Code is a tool for businesses, and while it's a tool that can enable you to do anything you can imagine, it is an
expensive tool for businesses to do anything they can imagine... and how many businesses need to be able to do anything they can imagine?
The cost of code is huge, not only do you need competent software engineers to write the code, but first you need people who can translate business requirements into technical requirements... and then you're burdened with the costs of running, maintaining and iterating on that code as the business evolves.
If you could cut all of that out and instead have the people defining the business requirements design the software (through the use of a no-code platform) your business would be orders of magnitude more efficient. Historically, magical all-in-one configurable platforms (like Salesforce) were unwieldy and required experts to operate them, but that's no longer the case. The world is becoming much more mature, and businesses can achieve so much without owning a single line of code.

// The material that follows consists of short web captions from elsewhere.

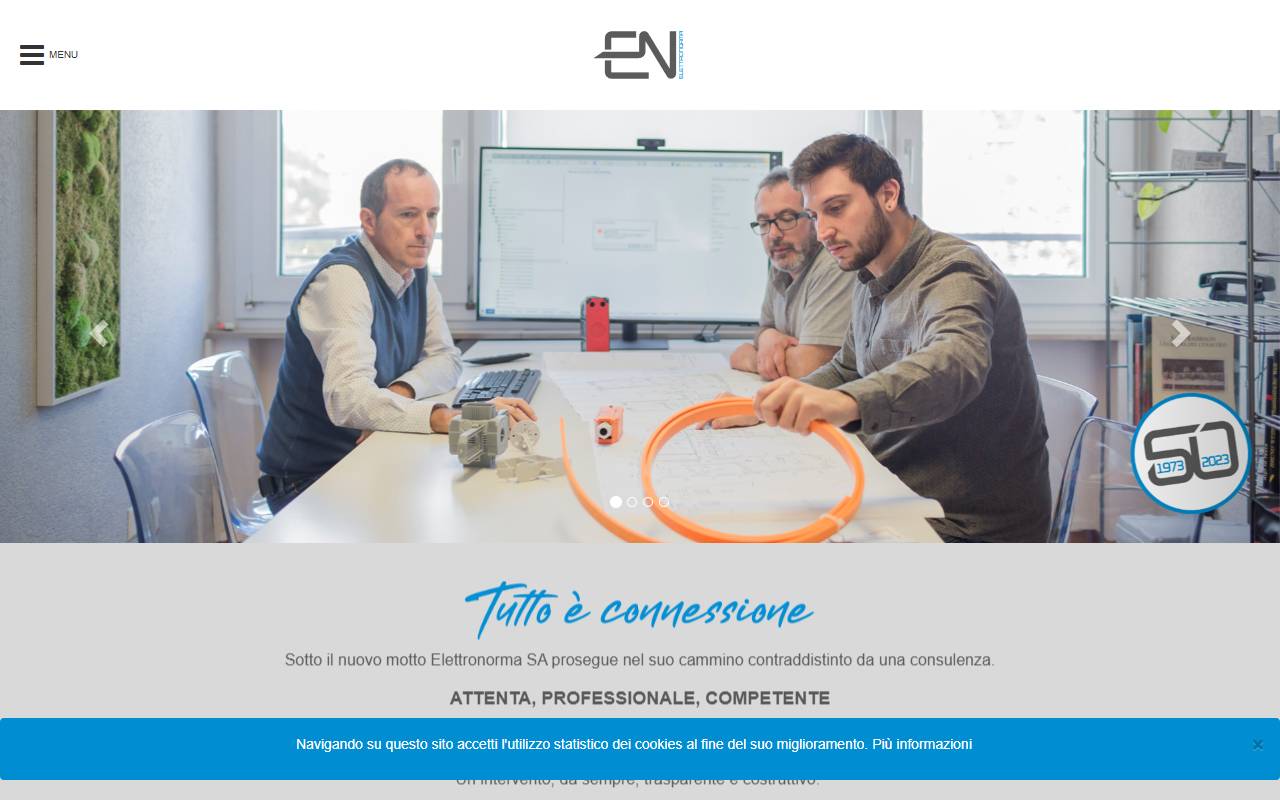 Anteprima del sito: Elettronorma SA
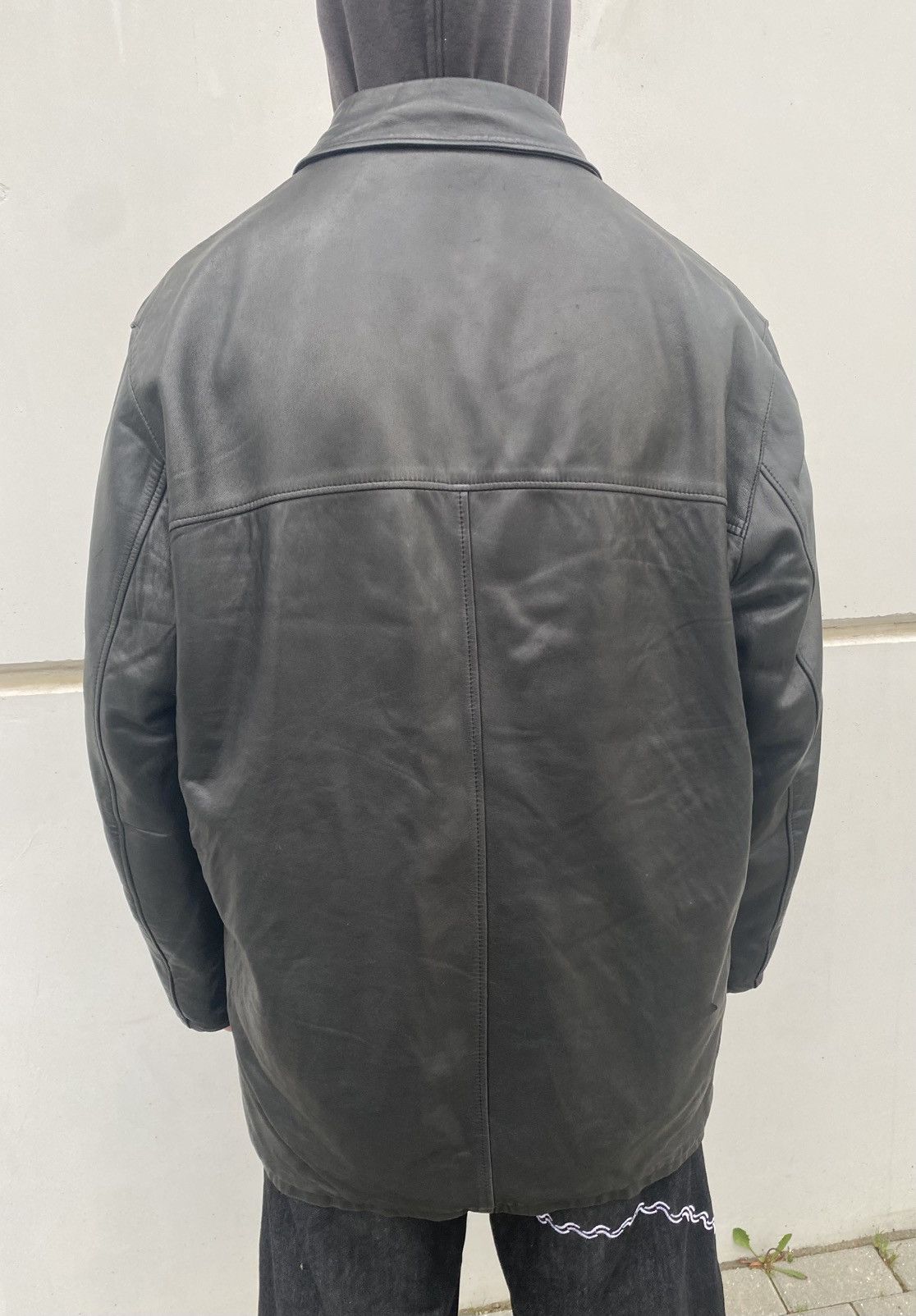Burberry Vintage Burberry Leather Car Coat Nova Check Black Size US XXL / EU 58 / 5 - 11 Thumbnail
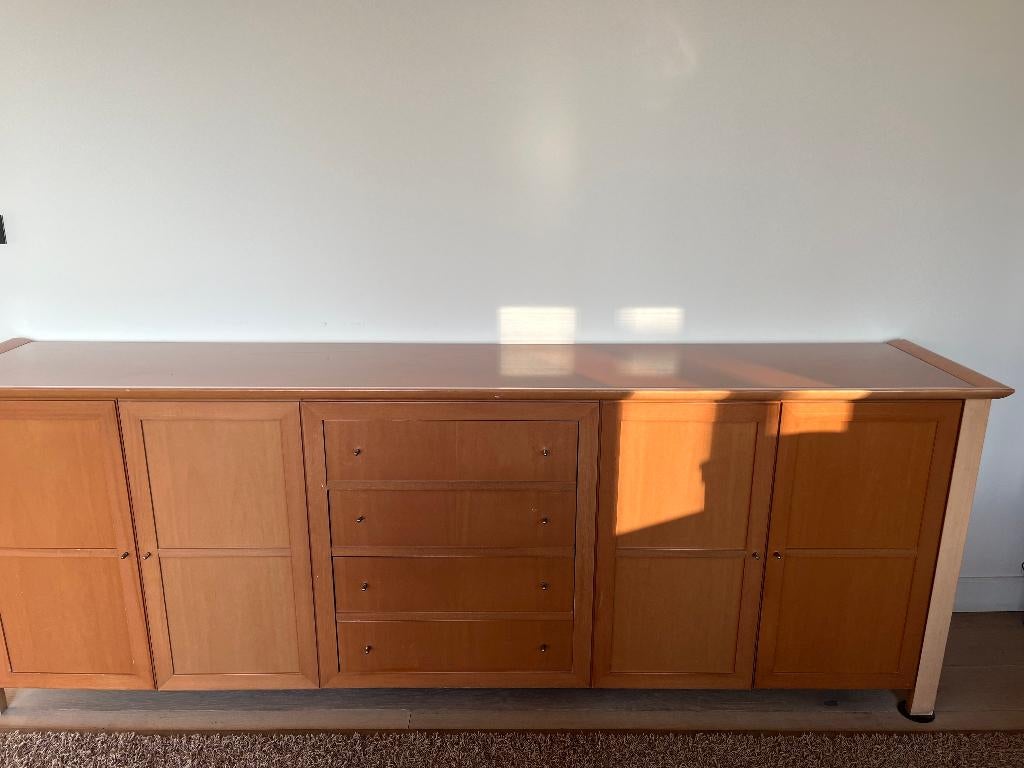 Vitrinekast en bijpassende dressoir, Enlèvement, Utilisé, Autres essences de bois, Avec tablette(s)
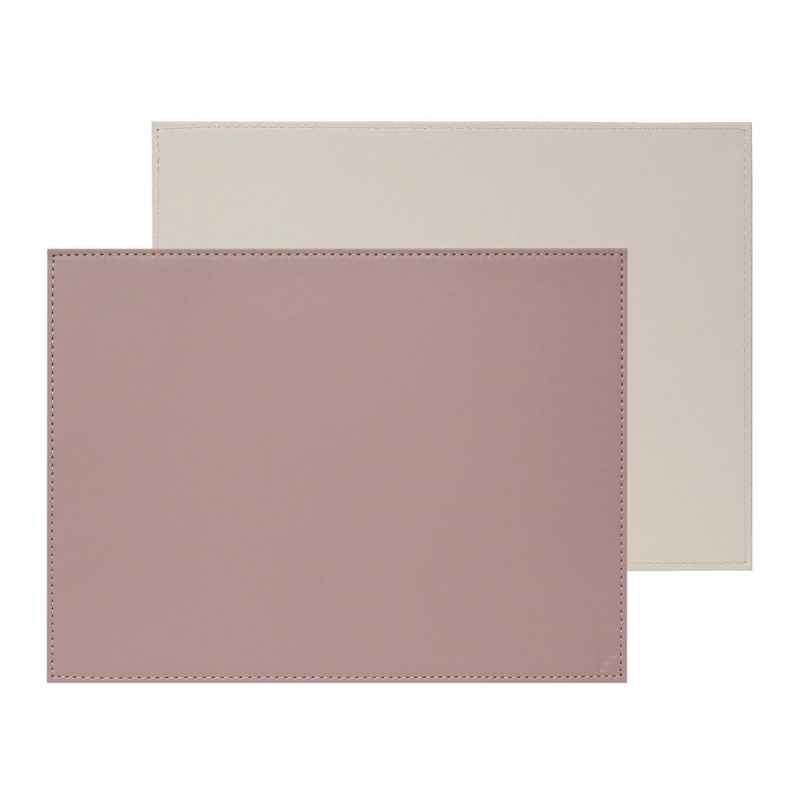 Preview: Platzset 40 x 30 cm Altrosa/Stein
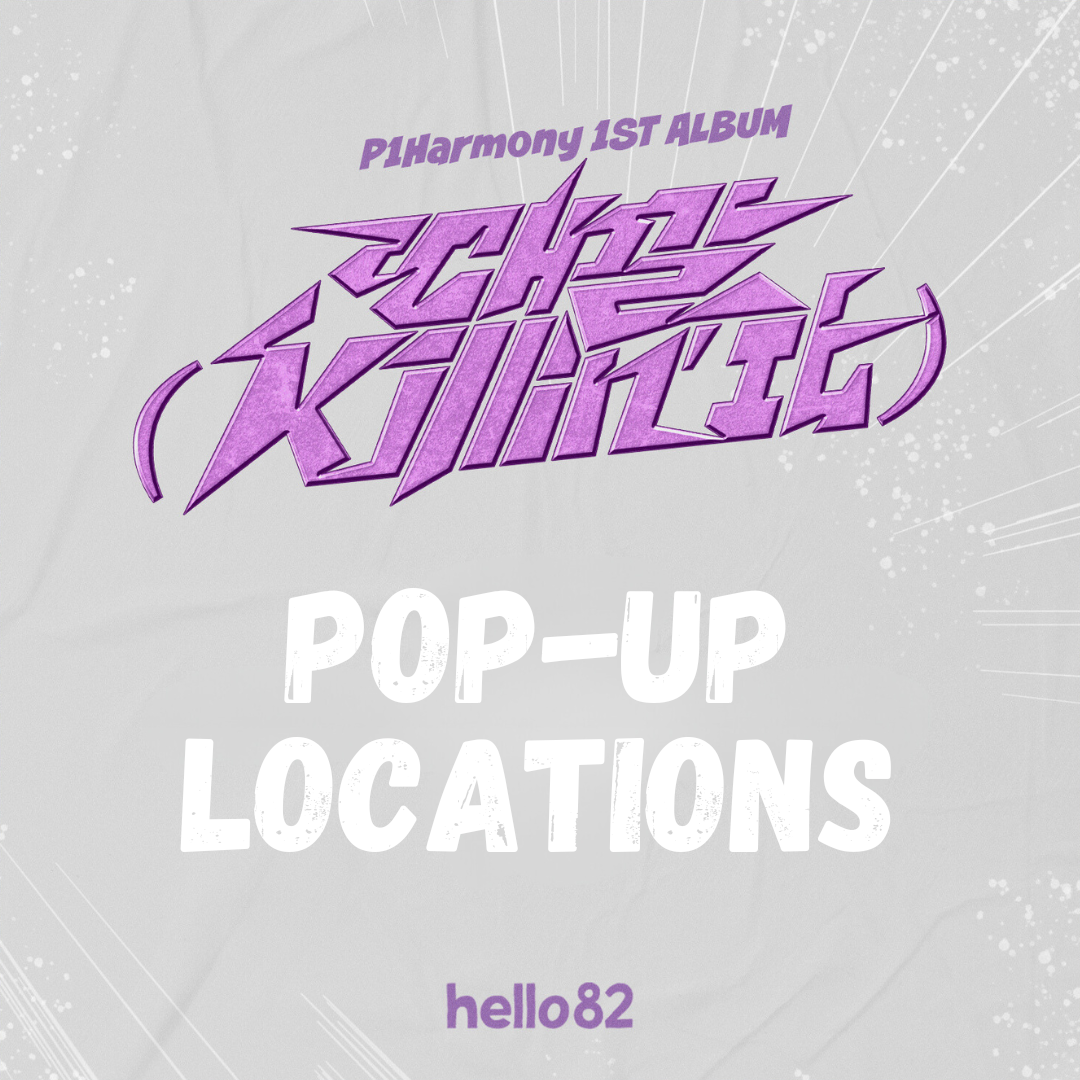 [P1Harmony - Killin' It] U.S. POP-UP LOCATIONS – hello82.shop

There'll always be technology that needs to be built, and code is a great tool for building technology, but most businesses don't need to build technology, they need to use technology. If you're opening your first grocery store, you rent a building, you don't hire architects and construction workers. The immaturity of technology has historically made that approach to business quite difficult, however, that's rapidly changing.
As Software Engineers, we get caught up in believing that because you can do anything with code, code is the right tool. That's a misunderstanding of business, though: given the choice between 2 tools, 1 that can do 90% of what the business needs and 1 that can do 100% of what the business needs but costs an order of magnitude more and has far greater risk then any rational business would choose the former.
If you spend much time interfacing with non-technical people in businesses, you'll often discover that they have an acrimonious relationship with technology in their business, because so much of the technology we build is caught up in the what and not the why. Code generation does not solve that problem, empowering non-technical people to own their business processes does.
Code generation is a tool for 2000, not 2030. I would bet my career that in 2030, there'll be less code produced per year (human authored + generated) than there is today.